_What is expected_
The reply should hold only the lines from the one with "Black. Great condition!" to the one with "2025 Toyota RAV4 Plug-in Hybrid XSE", both ends kept, exactly as they appear below, without any pictures.

_Data provided_
════════════════
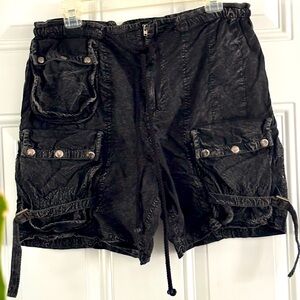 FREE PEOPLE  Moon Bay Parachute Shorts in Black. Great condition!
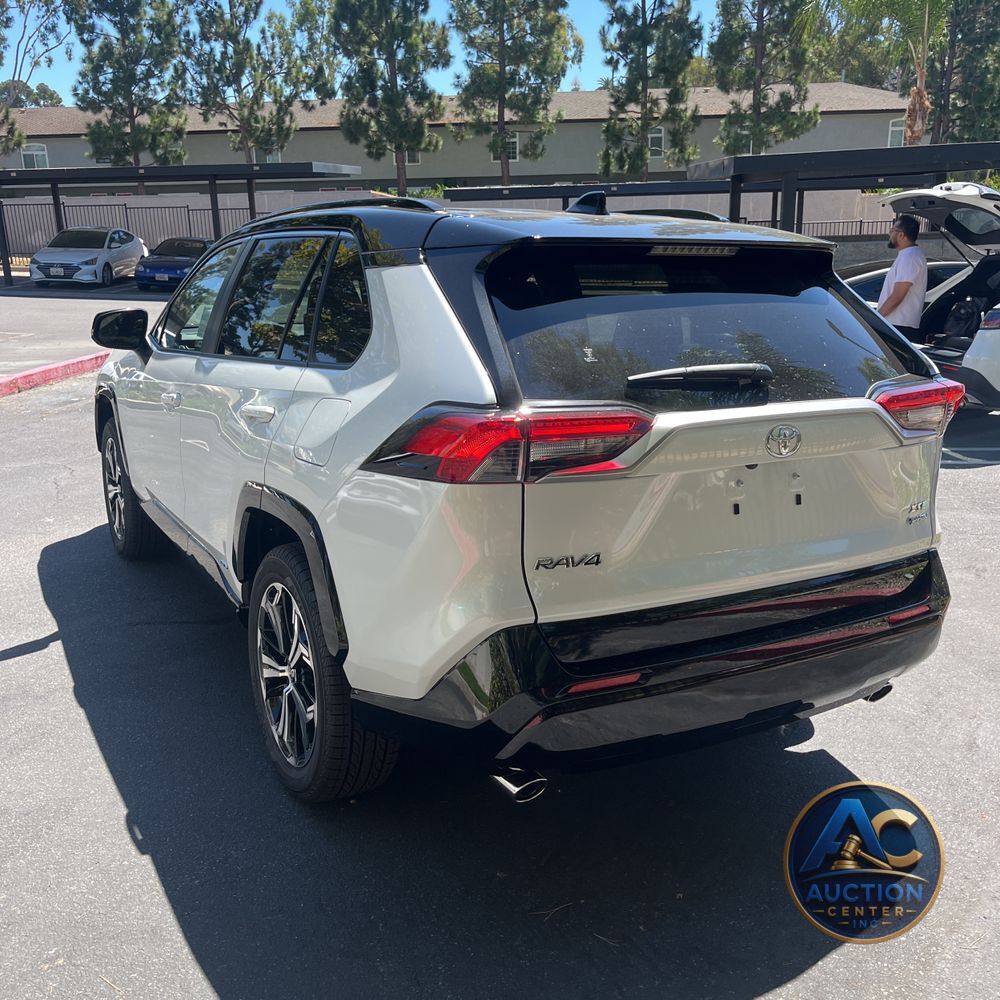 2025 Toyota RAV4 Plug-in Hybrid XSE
════════════════
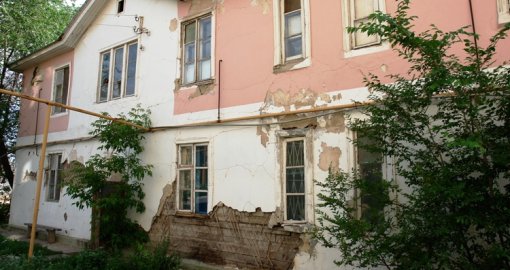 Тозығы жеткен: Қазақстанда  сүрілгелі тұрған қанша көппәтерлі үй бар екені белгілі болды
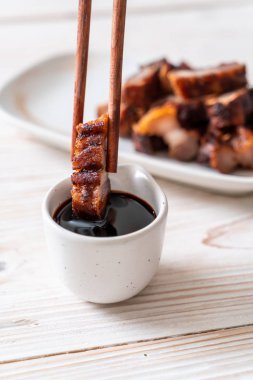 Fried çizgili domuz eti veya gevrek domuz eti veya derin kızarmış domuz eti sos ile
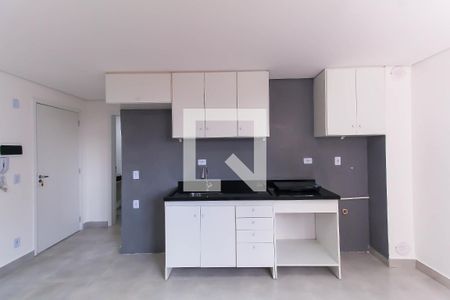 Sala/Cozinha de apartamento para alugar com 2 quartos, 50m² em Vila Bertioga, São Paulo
════════════════
_Result_
 FREE PEOPLE  Moon Bay Parachute Shorts in Black. Great condition!
 2025 Toyota RAV4 Plug-in Hybrid XSE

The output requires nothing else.